[Exercise requirements]: Exactly as they appear, write the lines from the one containing "Mr. Biscuits" to the final line of the entries, leaving pictures out.

[Data for this task]:
______________________________

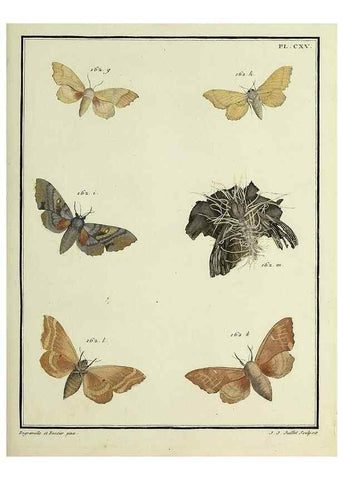 Reproducción/Reproduction 35822005836: Papillons d'Europe, peints d'après nature /. A Paris :Chez P.M. Delaguette, imprimeur-libraire ... ;1779-1792 [i.e. 1793]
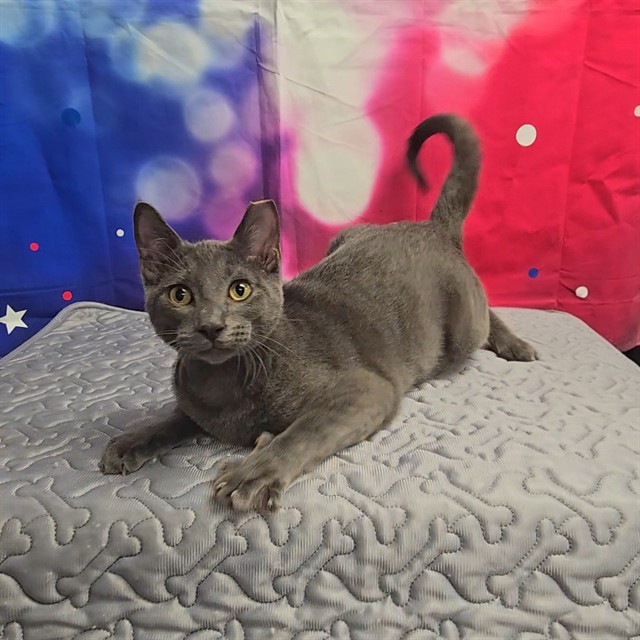 Mr. Biscuits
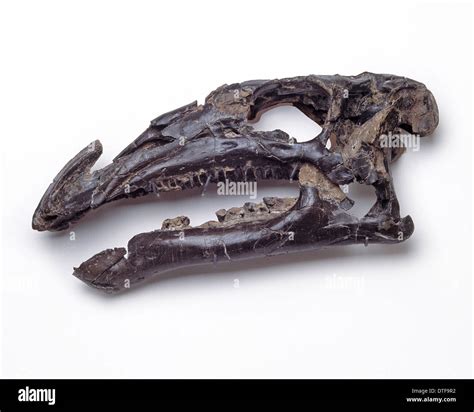 Iguanodon Skeleton Hi Res Stock Photography And Images Alamy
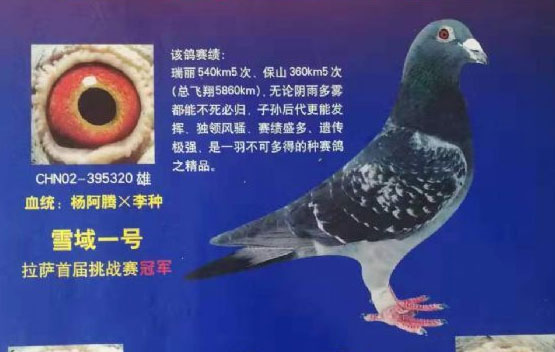 �����׷������ھ���ѩ��һ�š� ������������Ʒ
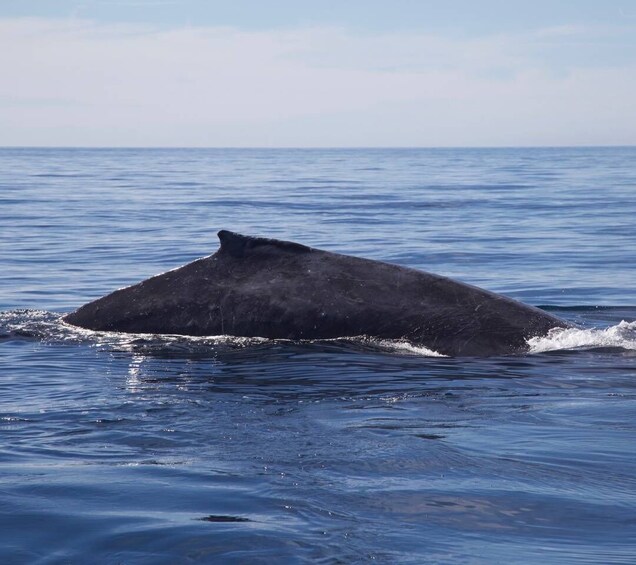 A large whale breaching the ocean surface. 5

______________________________

[Expected output]:
 Mr. Biscuits
 Iguanodon Skeleton Hi Res Stock Photography And Images Alamy
 �����׷������ھ���ѩ��һ�š� ������������Ʒ
 A large whale breaching the ocean surface. 5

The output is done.